English    Türkçe    فارسی   

6
4423-4432

  • Senin yüzünü göstermeyen mevki, âdi bir mevkidir. Makamdır ama hakikatte azledilmenin ta kendisidir o.
  • منصبی کانم ز ریت محجبست  ** عین معزولیست و نامش منصبست 
  • Şimdiye kadar buraya gelmemesindeki, geç kalmasındaki sebep, istidadının olmaması ve bedeninin arık bulunmasıydı.
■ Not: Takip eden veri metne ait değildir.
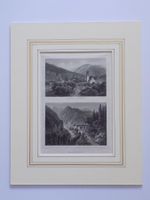 Fideris Doppelblatt top Passepartout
  • موجب تاخیر اینجا آمدن  ** فقد استعداد بود و ضعف فن 
  • Hazırlığın olmadan bir madene bile gitsen bir habbe alamazsın. 4425
  • بی ز استعداد در کانی روی  ** بر یکی حبه نگردی محتوی 
  • Hani erkekliği olmayan adamın kız alması gibi. Tutalım kız pek güzel, gümüş gibi bedeni var, ona ne fayda?
  • هم‌چو عنینی که بکری را خرد  ** گرچه سیمین‌بر بود کی بر خورد 
  • Zeytinyağı ve fitili konmamış kandil, ne çok bir aydınlık verir, ne az!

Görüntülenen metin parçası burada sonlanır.